Bir ”Survival” Parti Olarak AKP
Yukarıda sözünü ettiğim bir hususa yeniden vurgu yapmak isterim: AKP, son kongresinde yaptığı değişikliklerin de gösterdiği üzere bildiğimiz AKP değildir. O artık, Saray Rejimi’nin yerleşiklik kazanmasıyla birlikte devletle partinin bütünleştiği, dolayısıyla pek çok ideolojik hattın da kendi içerisinde tekleştiği bir büyük çadır partisidir. Ne eskisi gibi Siyasal İslamcı tonu baskındır ne de bir anda seküler Cumhuriyetçi bir parti oluvermiştir, bunların hepsi ve hiçbiri aynı anda doğru ve geçerlidir diyebiliriz.
Adalet ve Kalkınma Partisi, siyasi merceğini devletin bölge siyasetindeki kısa ve orta vadeli çıkar ve tehlikelerinin üzerine yerleştirdiği iddiasında olan, bu merceği de ancak Erdoğan’ın Cumhurbaşkanlığının sürekliliği sağlandığı ölçüde hedef üzerinde tutabileceğini salık veren bir “survival” harekete dönüşmüştür. Erdoğan tartışmasızken kalan her şeyin tartışmasız olanın devamlılığına hizmet ettiği ölçüde tartışılabilir ve uygulanabilir olduğu bir hareket.

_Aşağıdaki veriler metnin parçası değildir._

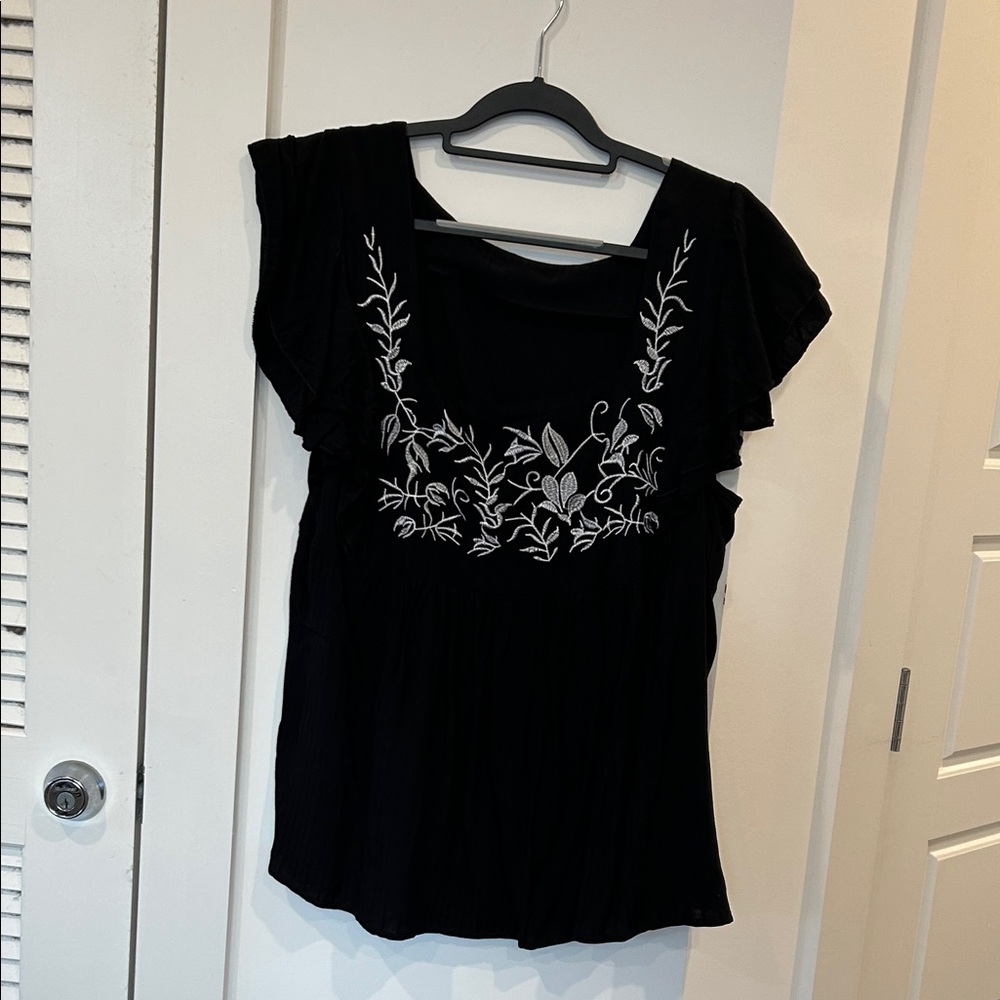 Black Embroidered Women's Top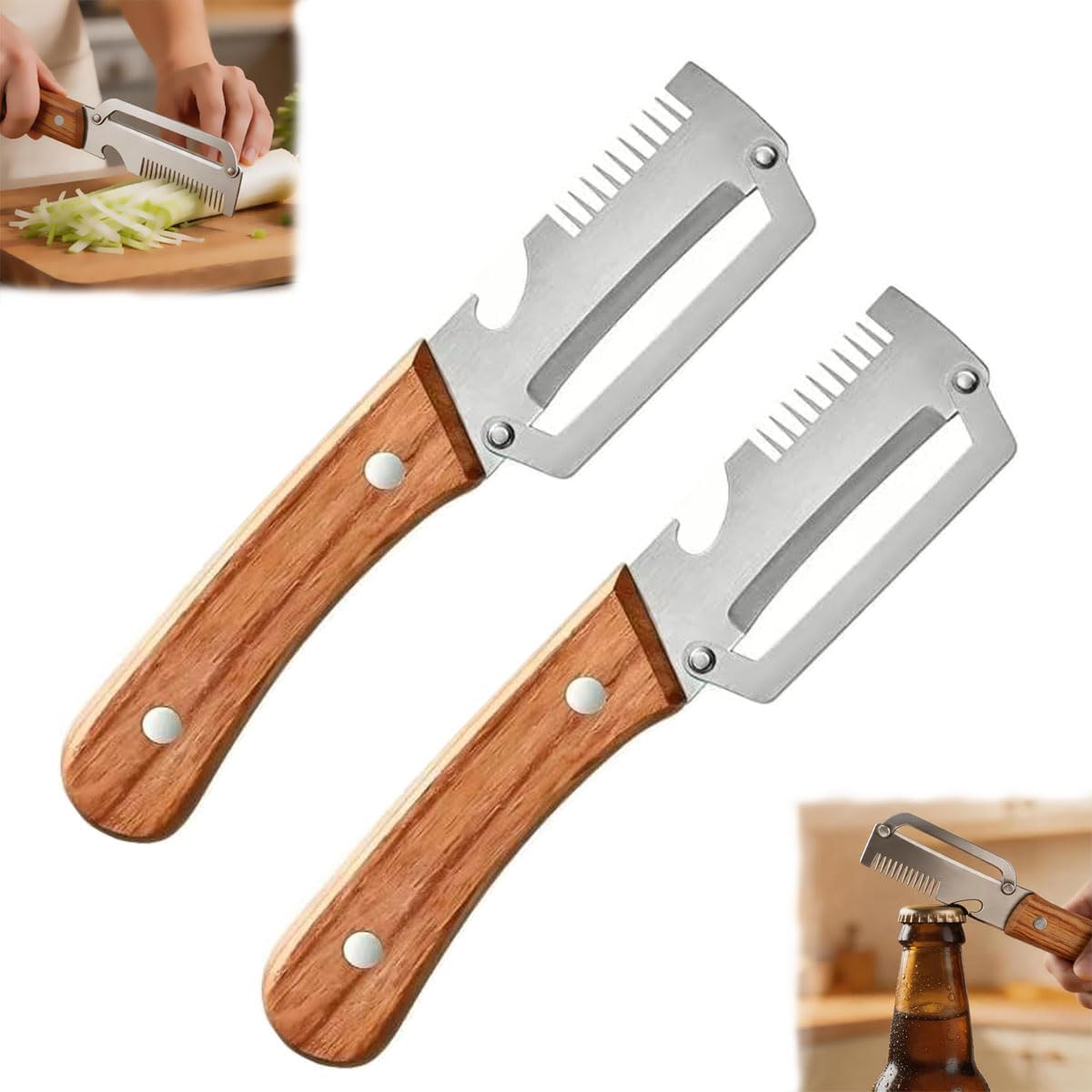 3-in-1 Upgraded Vegetable Peeler with Grater and Bottle Opener, Stainless Steel Kitchen Peeler, Zero Snag Wooden Peeler for Fruits and Vegetables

Tablo böyle olduğu için muhaliflerin önemli bir kısmının AKP’ye katıldığı için öfke kustuğu kişilerin AKP’ye katılabildiği, AKP’nin “iki ayyaş” çizgisini terk ederek muhalif Kemalist toplumsallığı Atatürkçü olamamakla itham edebildiği, “Tayyip istifa!” sloganının sokakta polisin “Atmış olduğunuz slogan kanunsuzdur!” şeklindeki yoğun anons ve uyarılarına maruz kalabildiği bir dönemi yaşıyoruz.
Tüm bunları yalnızca siyasi ortamı analiz etmek için değil, ayrıca “direniş”e ne gibi çıkarımlar sunabileceğini tartışmak için yazıyorum. Bana göre, terk edemediğimiz kimi ezberler ve özellikle direnişin sol tarafında rejim değişikliğinden bile çok öncesine götürebileceğimiz kronikleşmiş sorunlar nedeniyle mücadele ettiğimiz yapıyı anlamaktan aciz durumda sayılırız.
Direniş Sorunları
19 Mart’ın kuşkusuz bir biçimde gösterdiği üzere ülkesini etkileri on yıllar sürecek bir karanlığa, mücadeleyle elde edilmiş kazanımların gerisine götürmek isteyenlere karşı emekçiler hiç de sanıldığı gibi çaresiz kabullenme konumunda değiller. Rejimin hukukla alakası olmayan bir operasyonla tutukladığı ve önemli çoğunluğu örgütlü de olmayan gençlerin cezaevini korkulmayacak bir yere çevirmesi, ana muhalefet liderinin bir cani tarafından saldırıya uğradıktan birkaç gün sonra karanlıklar içinde düzenlenen Beyazıt Meydanı’ndaki mitingin dolması basit göstergeler.
Ancak şu sorunu ortaya koymak gerekir: Direniş, hala büyük çadır karşısında arzuladığı kazanımları elde edebilecek yığınlara kavuşamamış durumda. Bunun yolu ise, doğru iletişim kampanyalarıyla ve sokağı asla vitrindeki görkemli yerinden indirmeden direnişi sürece yaymaktan geçiyor.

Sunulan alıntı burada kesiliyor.